Great Lakes Dioxin Reduction Project Through Design for the Environment
Year Awarded: 1998
Awarded: $305,000
Team Leader: Minnesota Office of Environmental Assistance
This team developed a purchasing-focused screening tool to decrease the amount of potentially hazardous materials that are used in health care facilities and ultimately end up in medical waste streams. The Environmental Materials Management Tool (EMMT) quantified the environmental attributes of products by focusing on product materials, manufacturing, product use, packaging and distribution, end-of-life, and environmental management issues. The team applied it at 8 different case study sites in Wisconsin, Illinois and Minnesota—requests were sent out to 39 suppliers to evaluate 41 products. Medical supply purchasers used the tool to rank and select environmentally preferable alternatives.

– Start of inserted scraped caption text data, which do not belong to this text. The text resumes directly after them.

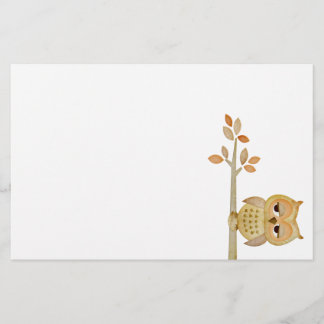 Schläfrige Eule im Baum-Briefpapier Briefpapier
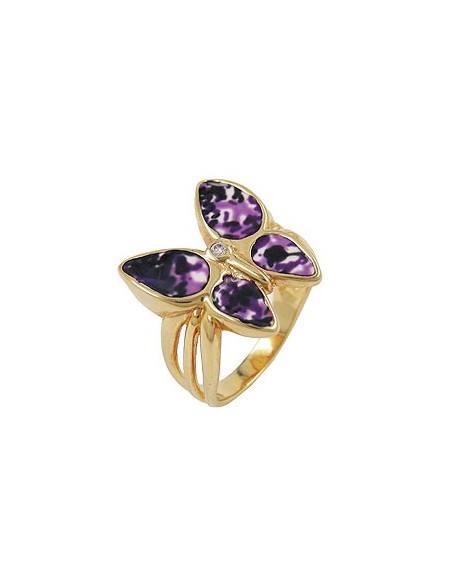 ring 18ct gold plated butterfly zirconia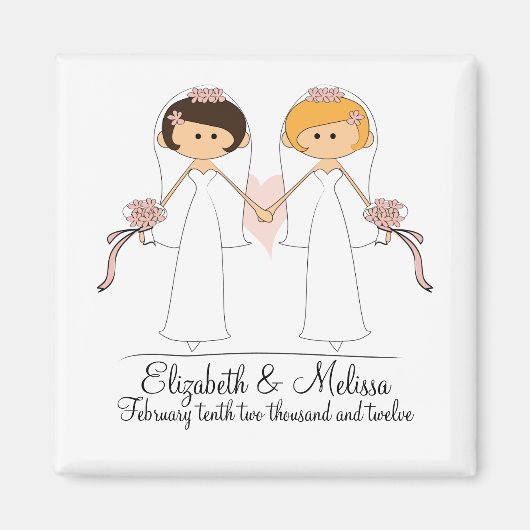 Bride en Bride Wedding Magnet Favors (Voorkant)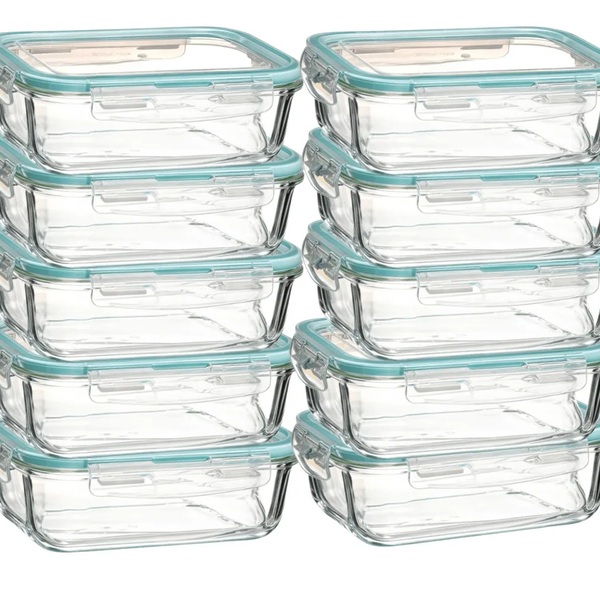 Kit 10 Potes Retangulares 370ml De Vidro Fechamento Hermético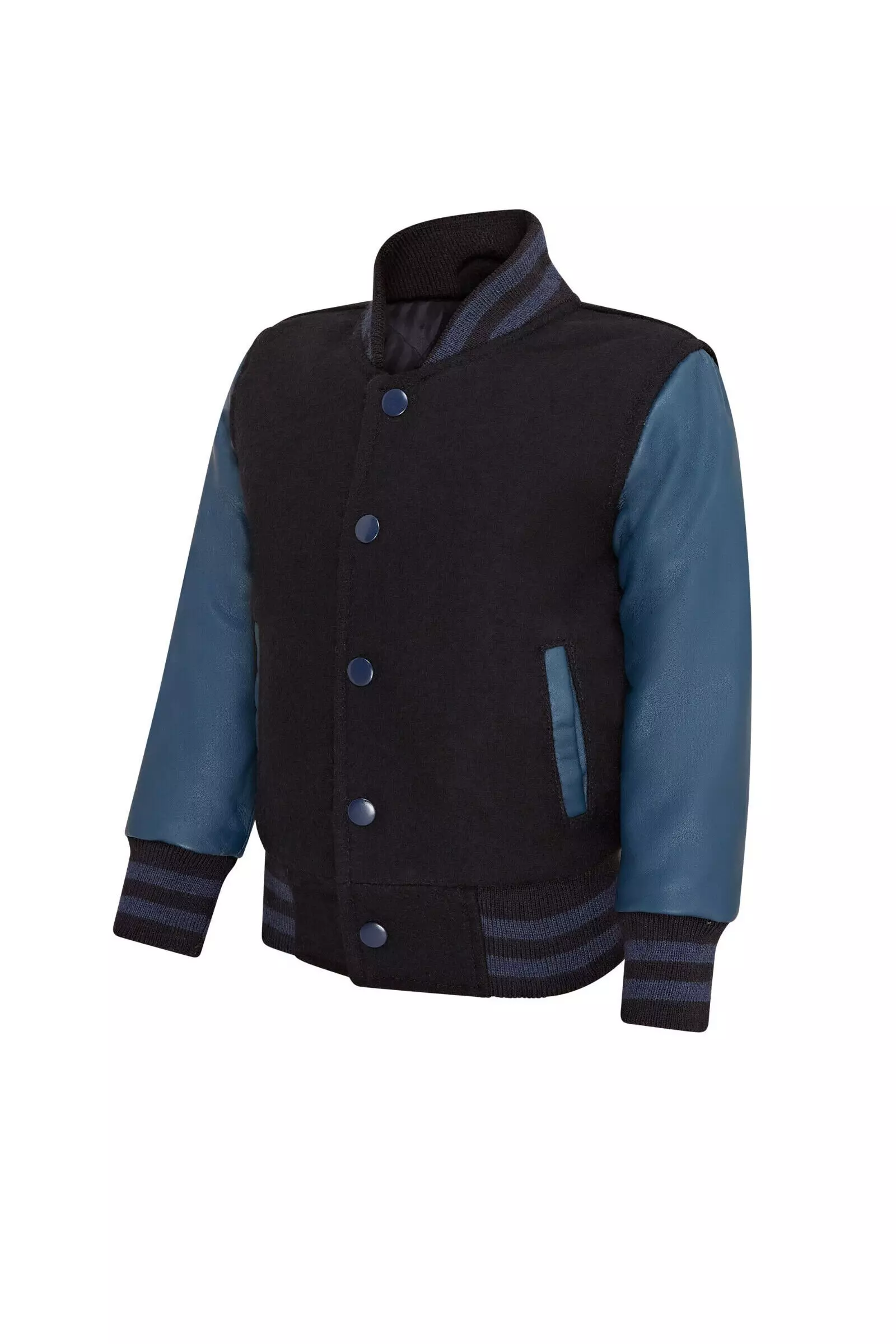 True black Wool Varsity Bomber Jacket with Real Leather Sleeves alternative image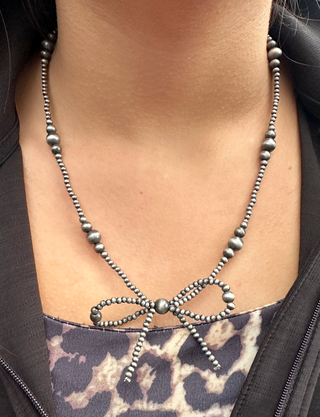 Navajo Pearl Bead Bow Tie Necklace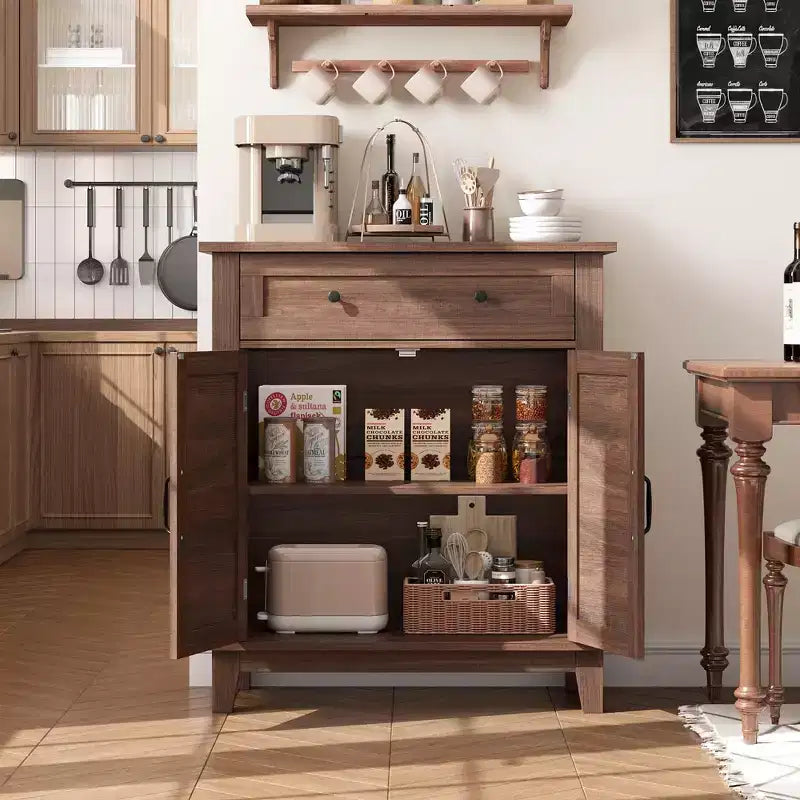 Modern Sideboard Buffet Cabinet with 3-Tiers Adjustable Shelf with 7 Gears,Kitchen Storage Cabinet with a Large Drawer for Dining Room, Entryway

Resulting reductions in pollution potential include actual one-time cumulative reductions of 1,075 grams of mercury for two hospitals, as well as annual reductions of 270 grams of mercury from 260,000 PVC items for two other hospitals. The American Hospital Association’s AHRMM website made the tool available for public downloading. The University of Vermont produced a video describing the tool for the EPA and project results were published in the journal Environmental Health Perspectives.
This work enabled a targeted set of consumers to learn more about environmental materials management, and it supports the Voluntary Mercury Reduction agreement between the US EPA and the American Hospital Association.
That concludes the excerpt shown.